Es bien curioso como un sector que podría ser punta de lanza contra el cambio climático (fijando carbono orgánico en el suelo), en realidad sea uno de los sectores que más contribuyen a él  :Frown: 

Deberíamos avanzar en la agricultura de conservación!!

----------


## F. Lázaro

> *La ONU llama a elaborar “Plan Marshall verde” para la agricultura*


No veo a EEUU haciendo un Plan Marshall II, y menos para esto  :Embarrassment:  :Big Grin:  :Big Grin: 

La palabra "verde" no entra en su modelo de desarrollo  :Embarrassment:

----------


## Salut

Je, es que ultimamente se han utilizado mucho los nombrecitos estos de marras... que si "Plan Marshall verde", que si "New Deal verde"...
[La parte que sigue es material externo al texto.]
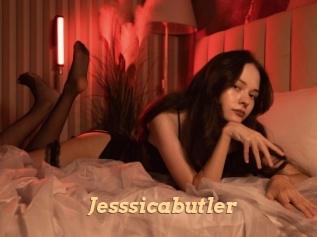 Jesssicabutler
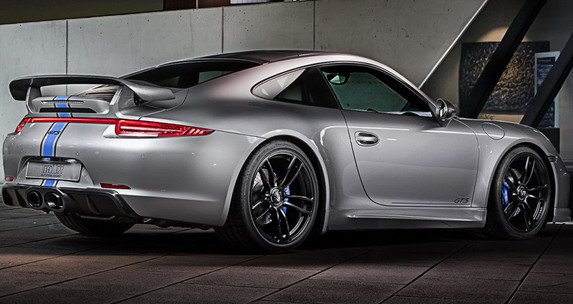 127517-techart porsche 911 11.jpg, 52 KB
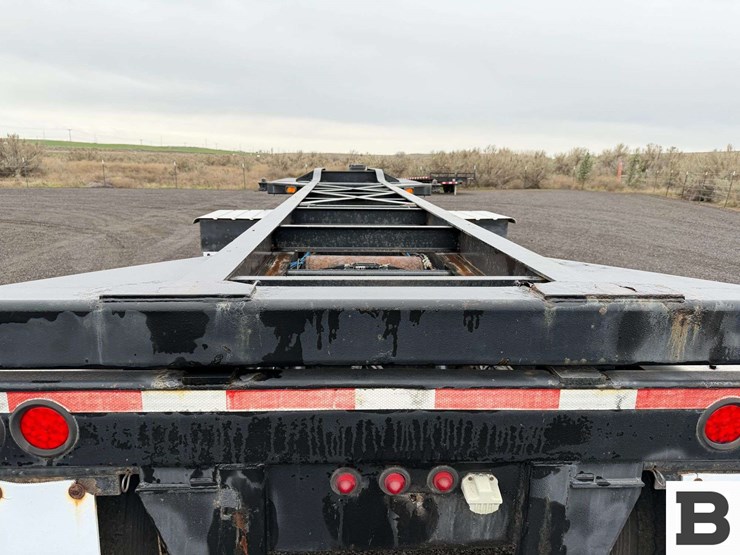 2011-dionbilt-dbnsl-220ar-chassis-trailer-image-35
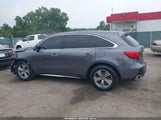Acura Mdx Standard 5J8YD4H33LL046066 снимка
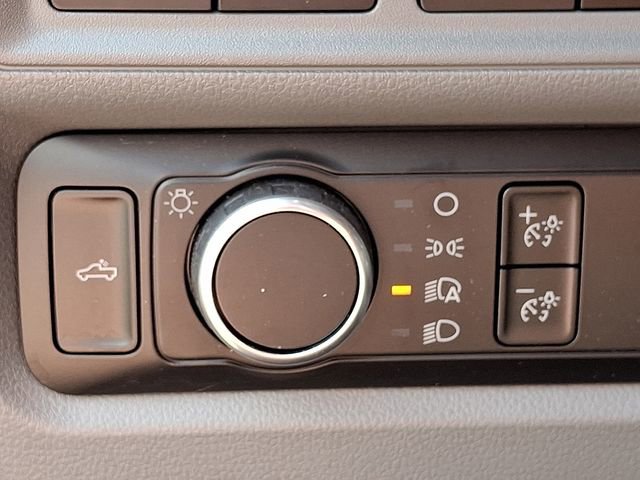 Used 2024 Ford F150 Lightning Flash image 24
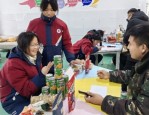 青岛市即墨区孩子戒网瘾管教学校，本文为您完整总结！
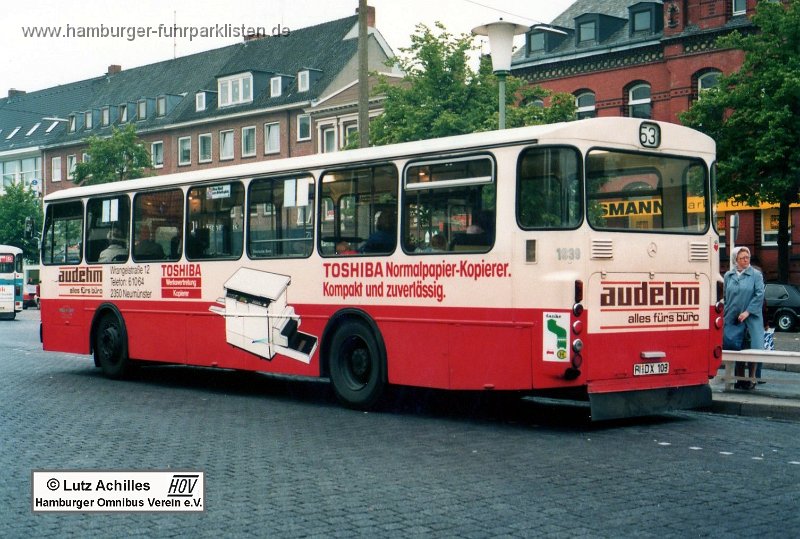 01) 1939-13,SWN,LA.jpg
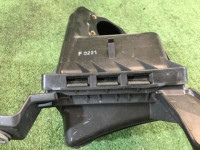 Корпус воздушного фильтра SUBARU FORESTER OEM 46053AC060 16546AA050 46053AC100 SF9, SF5 2000 EJ254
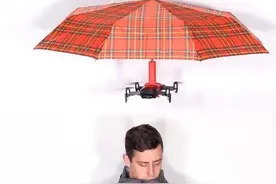 西媒文章：盘点那些超奇葩的无用发明图片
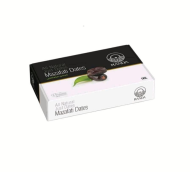 Perzsk erstv atle s kstkou 1000g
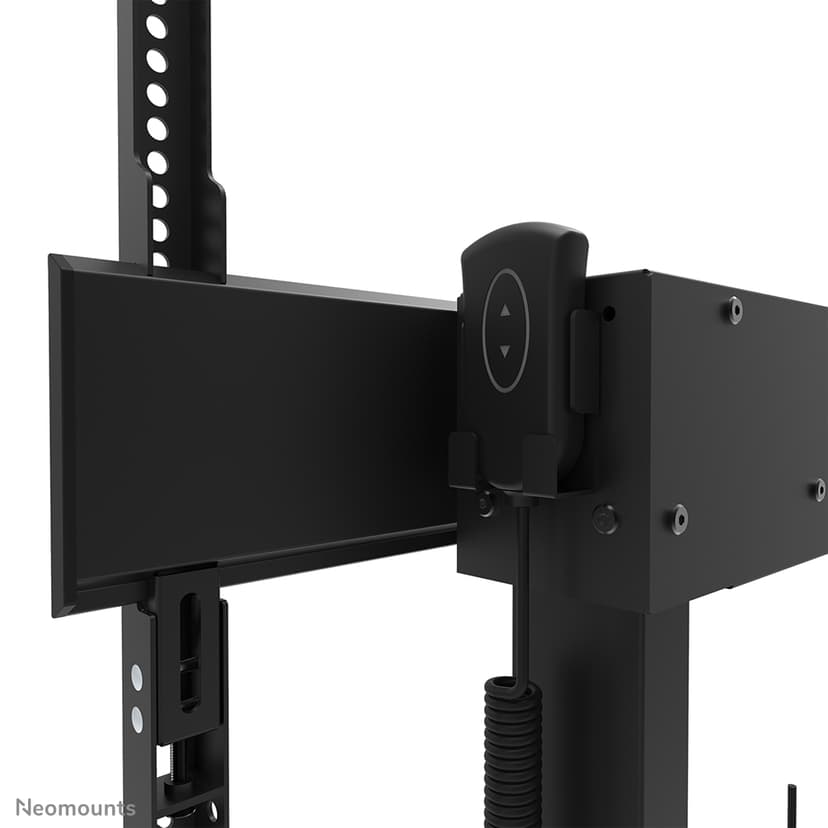 Product image slide 7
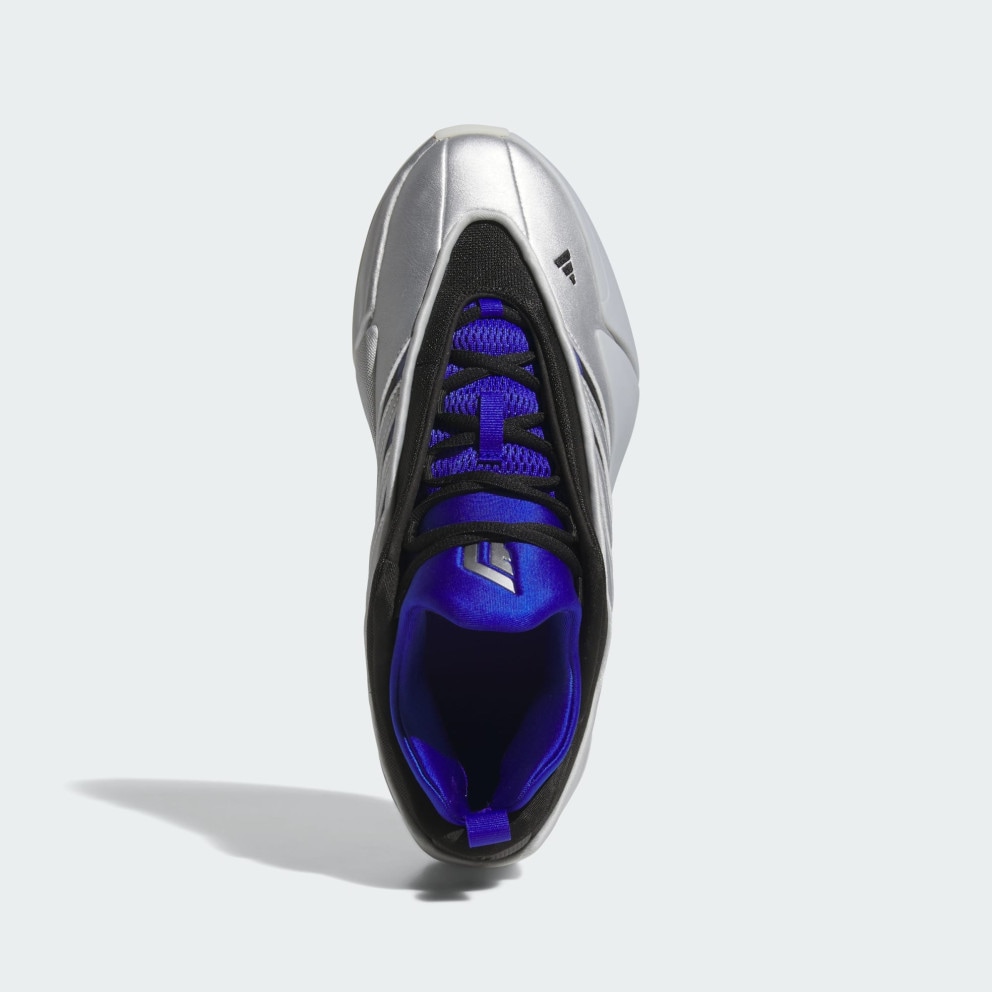 adidas Dame 9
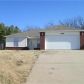 2085  Crystal Ct, Springdale, AR 72764 ID:6476710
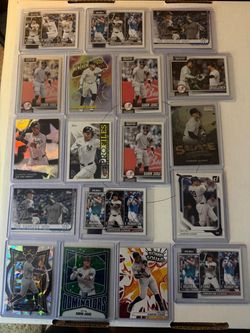 Aaron Judge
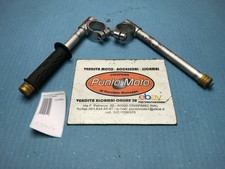 Demi-guidon d'origine pour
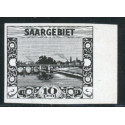 SAR128 - N° 85 - **
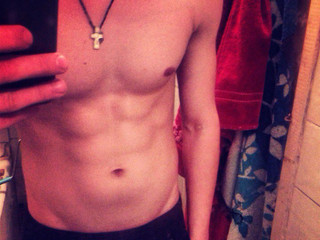My Photos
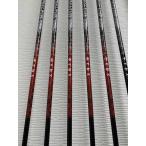 TRPX　T-Series T-1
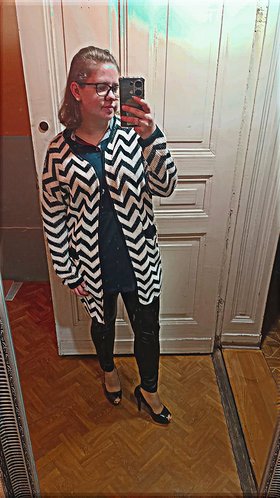 Najładniejsze zdjęcie użytkownika karolinakarolina1 - 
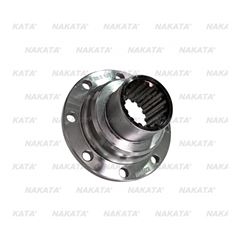 FLANGE CARDAN MB LA1113/LK1516 OM 352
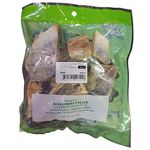 Alvas Bone Natural Chew 200g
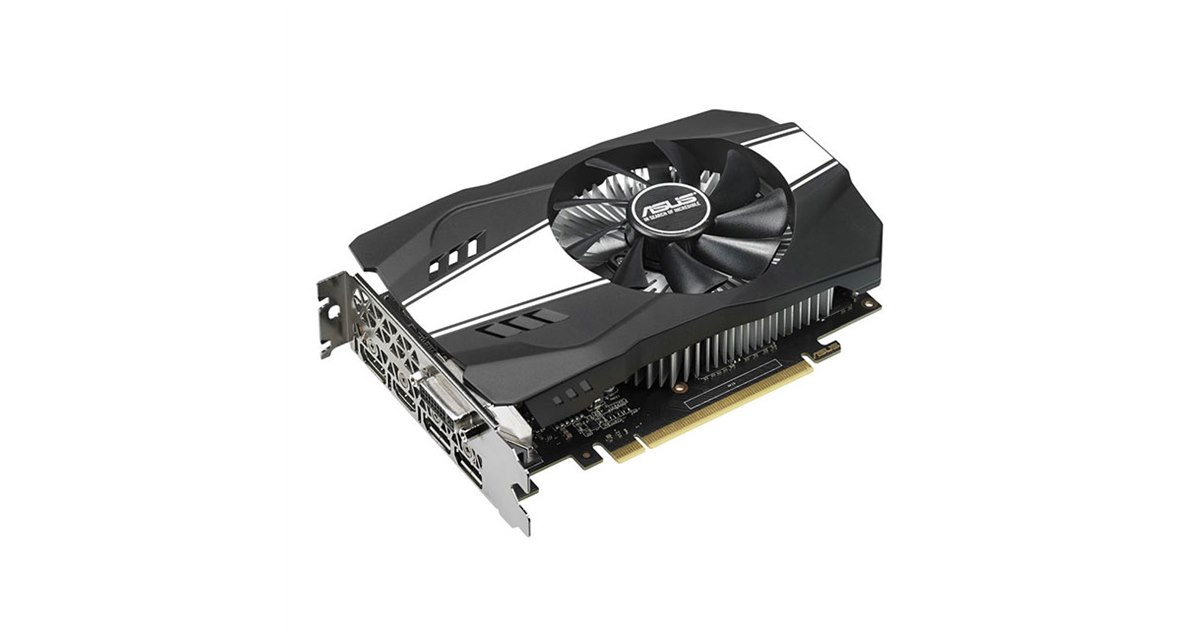 ASUS、ショート基板の「GeForce GTX 1060」搭載ビデオカード - 価格.com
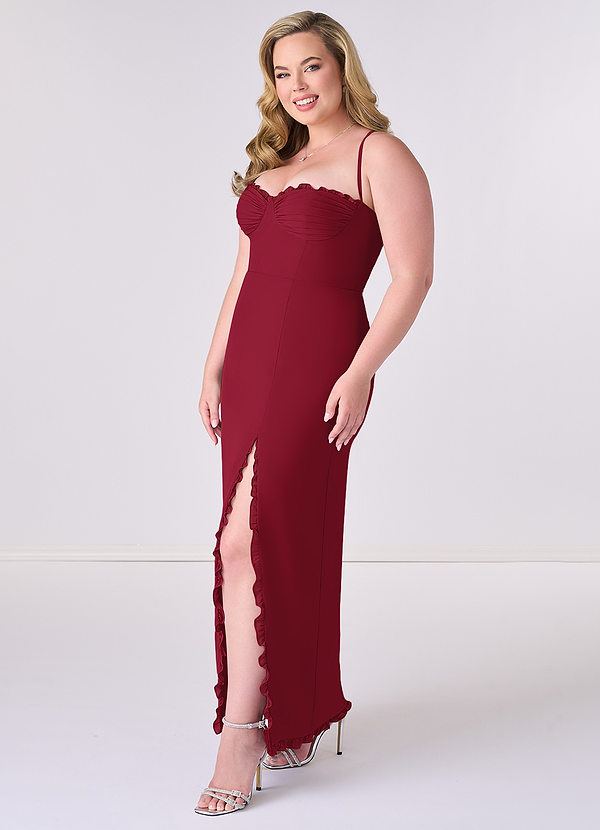 product image ${index}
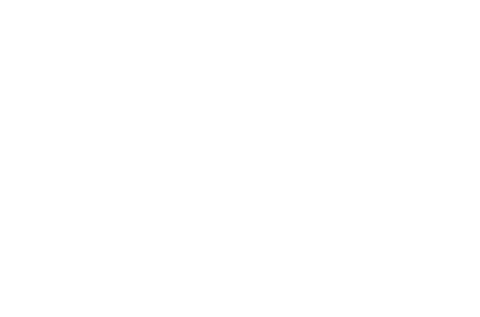 Seamless Circular Pattern on Transparent Background - Download Free Stock Videos Pikwizard.com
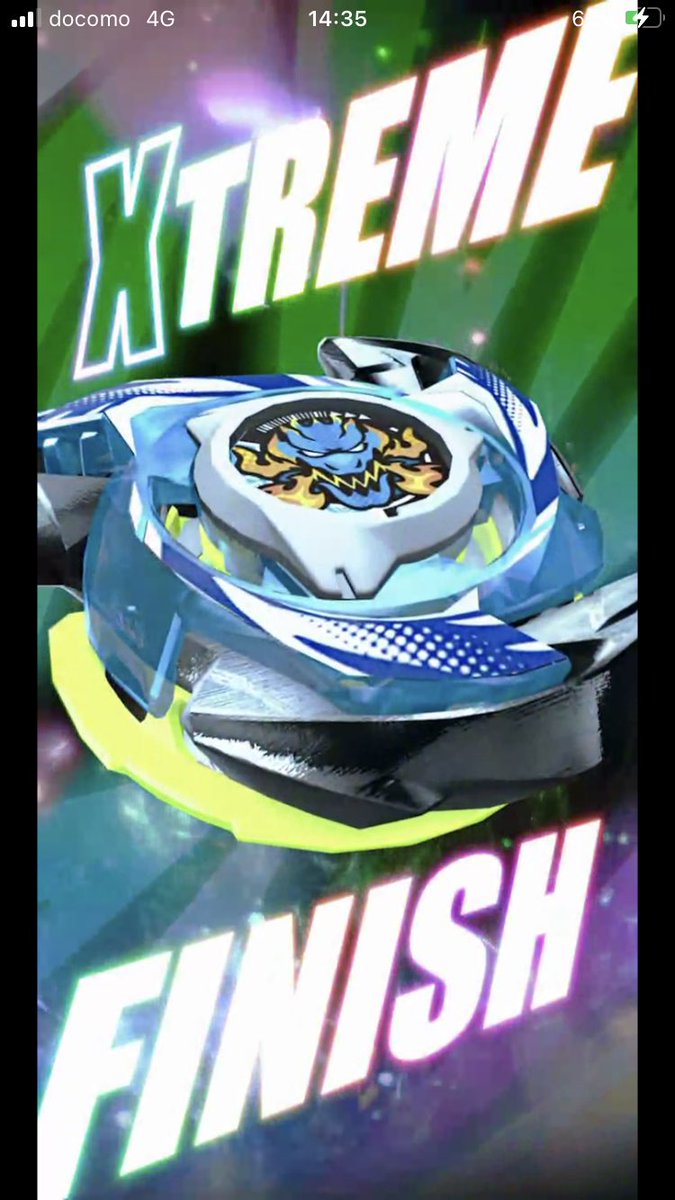 （8月VIP 15%off中） hnzsuaです❣0425 小早川慎 (@731hs9d32ru8GJg) / Posts / X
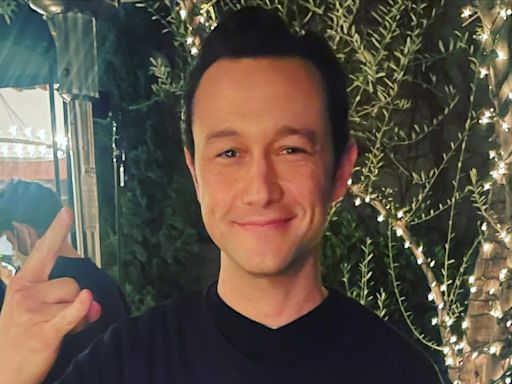 Inception actor Joseph Gordon-Levitt all set to visit India for the first time: Have been a fan of Indian culture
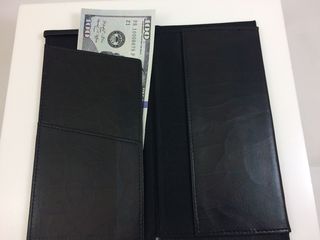 DeluxeLeatherHimberWallet.2.jpeg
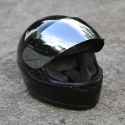 incel visor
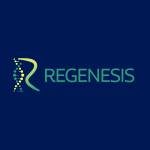 Rege nesis Profile Picture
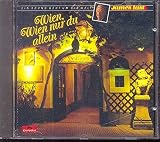Wien,Wien nur du allein - James Last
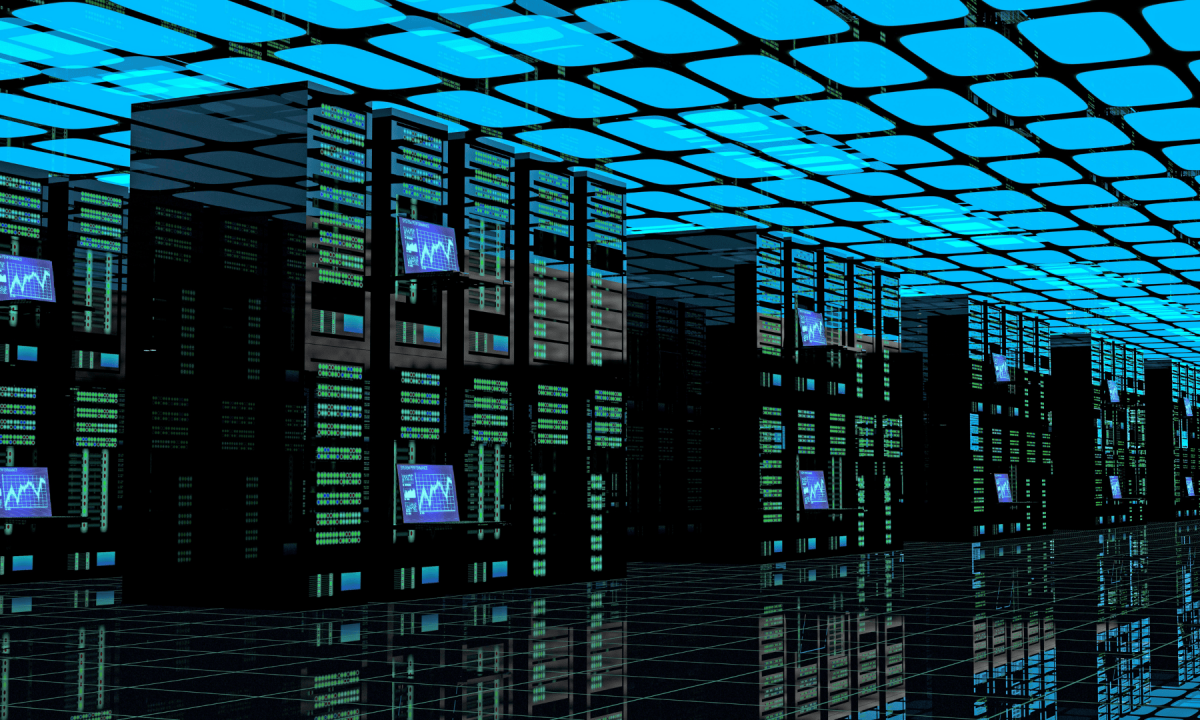 Vena Group Launches New AI Data Centre Firm to Drive Sustainable Infrastructure in APAC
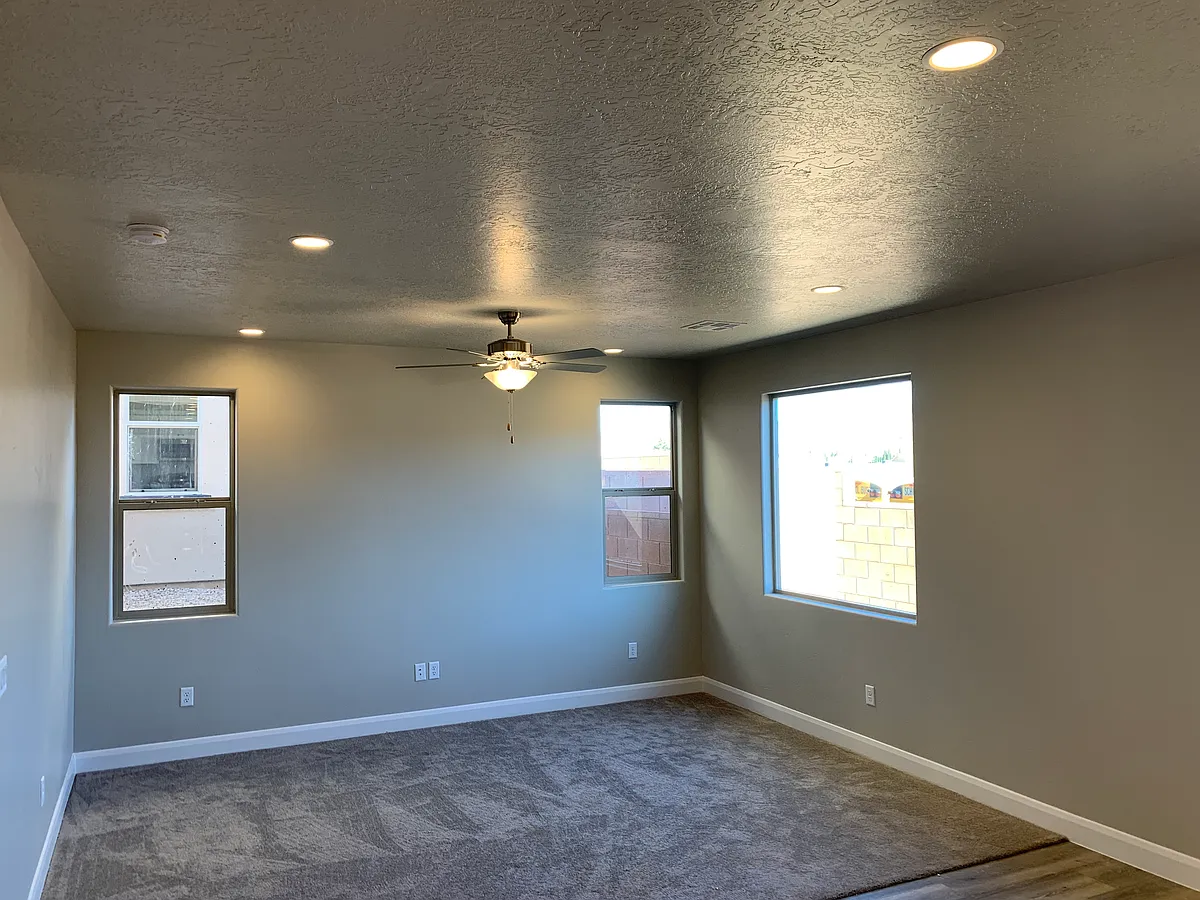 Building Photo - 508 N 480 W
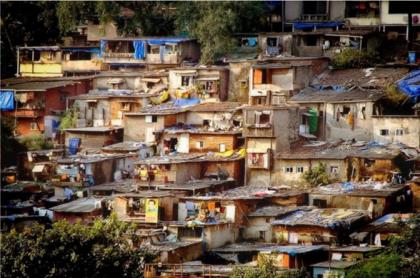 2023最火广告语外卖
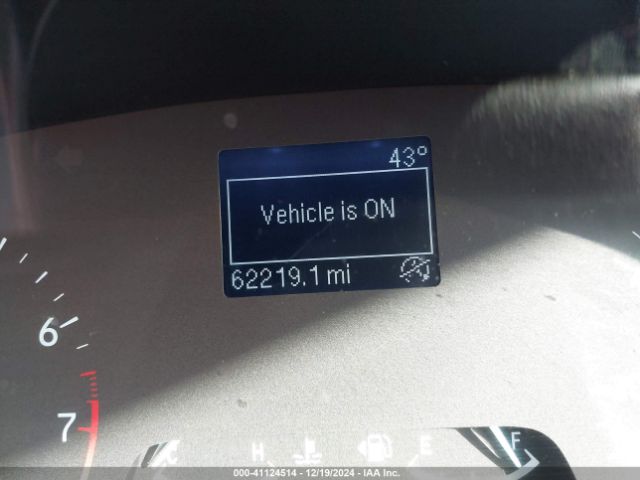 MAJ6P1SL1JC225309 Ford ECOSPORT S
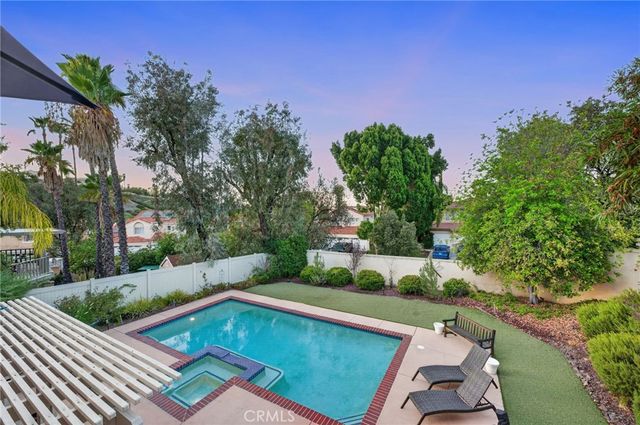 4 Bella Firenze, Lake Elsinore, CA 92532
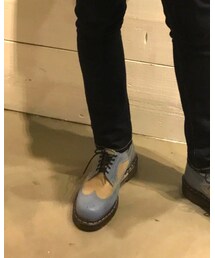 Dr. Martens | ブーツ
Pero mucho me temo que, de hacerse, sería únicamente con dinero europeo  :Mad: 





> La palabra "verde" no entra en su modelo de desarrollo


Hombre, cabe decir que en muchos aspectos de protección ambiental nos dan mil vueltas a los europeos (p. ej. en protección de aguas, al menos hasta la aprobación de la DMA)... su problema es que no quieren comprometerse con otros países. Y menos en algo tan "suyo" como es el petróleo  :Frown:

----------